Três horas de conversa que aconteceram em 2010 –em dois encontros separados por seis meses- que deram lugar a um filme de uma hora e meia, apresentado no Festival de Cinema de Berlim (Berlinale), onde o autor faz parte do júri oficial. Um trabalho que só pode vir de alguém como Gondry (Versalles, 1963), sem nenhum problema em fazer animação, cinema, música ou falar um inglês macarrônico que provoca com Chomsky muitos mal entendidos.

“Há uns anos eu estava de visita em Boston, no M.I.T. (o famoso Instituto Tecnológico de Massachussets), quando cruzei com Chomsky. E lhe propus a ideia: poderia fazer um documentário animado sobre seu pensamento que seria gravado com uma velha câmera que dá uma textura oficial? Ele recusou a proposta, e tempo depois insisti e insisti até que ele cedeu”, conta o diretor de Rebobine, por favor e de Brilho Eterno de uma mente sem lembranças. “Reconheço que há dez anos não sabia nada sua obra, na França Chomsky não é muito conhecido”. Como, se ele é o autor mais citado das últimas décadas? “Pois é, não muito. Comecei a ler sua obra e por isso sabia quem era quando o vi no M.I.T.”.

Chomsky vai respondendo as perguntas de Gondry, ou, pelo menos, o que entende de suas questões: em várias ocasiões o francês lhe pede perdão e repensa sua frase porque seu inglês não dá conta. “Não queria manipular muito. Obviamente quando se faz um documentário ele nunca é objetivo, algo de manipulação há. Começando pelo que é perguntado”.

Gondry é apaixonado pelos temas científicos, e se concentra no fato de que o norte-americano, que aos seus 86 anos mantém uma mente brilhante, explique sua paixão por Isaac Newton, “que descobriu forças ocultas que refutavam o conceito do mundo como uma engrenagem mecânica”, explica o filme, ou como o ser humano adquire e desenvolve a linguagem, a gramática generativa, parte de sua aposta em o racionalismo cartesiano, um momento no qual a voz de Chomsky muda e aumenta de firmeza. 

Preso na guerra do Vietnã

Por sua vez, Gondry pergunta pela infância dele na Filadélfia, sobre as primeiras lembranças –para relacioná-las com sua ciência-, a adolescência, as primeiras apresentações públicas de suas pesquisas. “Mas não sou bom jornalista, não retruquei o suficiente. Por exemplo, quando ele conta que esteve na prisão durante a Guerra do Vietnã, eu não parei, não perguntei por que nem como era essa época”. Também sofreu outras frustrações. “Há conceitos que me custaram muito animar, sobre as relações cerebrais e as recriações linguísticas do que vemos. Fiz o que pude”.

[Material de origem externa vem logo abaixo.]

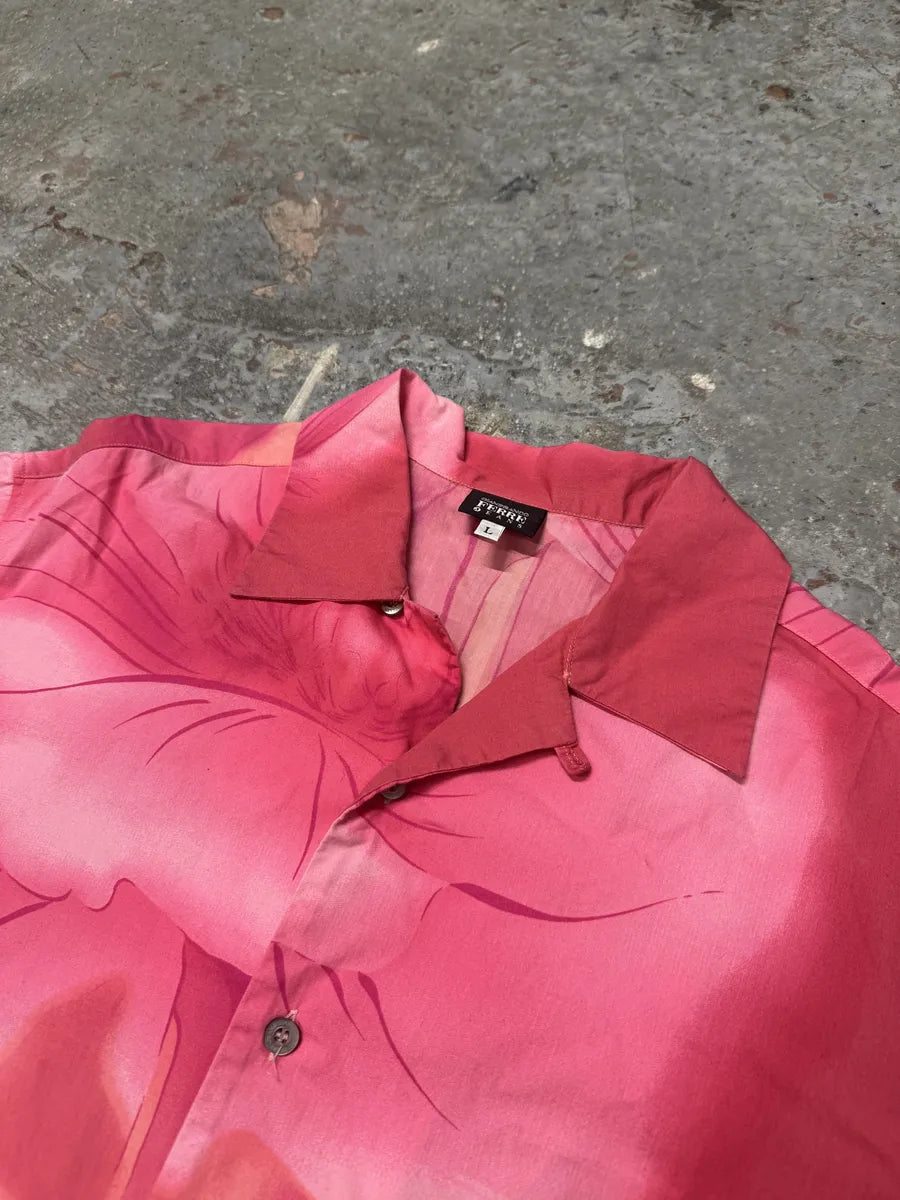 2000s Gianfranco Ferre Flowers Pink Short Sleeves Positive Shirt mpNowQW 9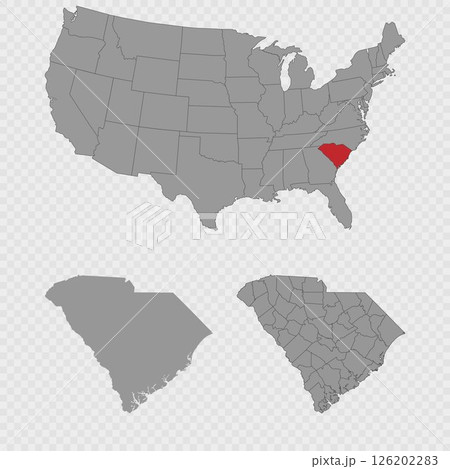 South Carolina map set with USA location, clean outline, and full county breakdown. South Carolina map set with USA location, clean outline, and full county breakdown. 126202283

As entrevistas distanciaram-se no tempo para que Gondry começasse a animar alguns fragmentos –o faz à mão, como conta no filme, como fez em vários vídeos musicais-. "Chomsky gostou do resultado e continuamos”. Em ‘Is the man who is tall happy? o público assiste à angústia de Gondry para acabar o trabalho antes de uma possível morte de seu entrevistado.

“É óbvio que acabei a tempo. Ele gostou do resultado. Mas não o fiz para agradá-lo, não quero contentar ao retratado… Ainda lembro de uma discussão que tive com Thom Yorke [líder da banda Radiohead], quando ele não gostou de um vídeo meu. Atraem-me os documentários, e vejo mais esse tipo de filme do que os títulos de ficção, por seu trabalho de preservação. Encanta-me que me contem essas histórias. Com eles registramos algo para as seguintes gerações”.

De Chomsky, fica uma imagem de homem algo cansado, derrotado por ter se tornado viúvo. “Verdadeiro, já não ficam pessoas de sua idade, embora siga viajando, dando conferências. E ele é um dos dois únicos professores do M.I.T. que fizeram recentemente declarações políticas fortes. Ele não se importa perder seu lugar. Sua ética está acima disso”. Ao final, Gondry pergunta a Chomsky: o que te faz feliz? na  tela, o intelectual tem dificuldade em responder. O que faz Gondry feliz? “Qualquer trabalho artístico. Não me importo em estar horas e horas fazendo desenhos se ao final do dia posso ver um segundo desse filme em movimento. O processo criativo me apaixona”.
* Gregorio Belinchón foi enviado a Berlim pelo El País, onde esta reportagem foi publicada originalmente.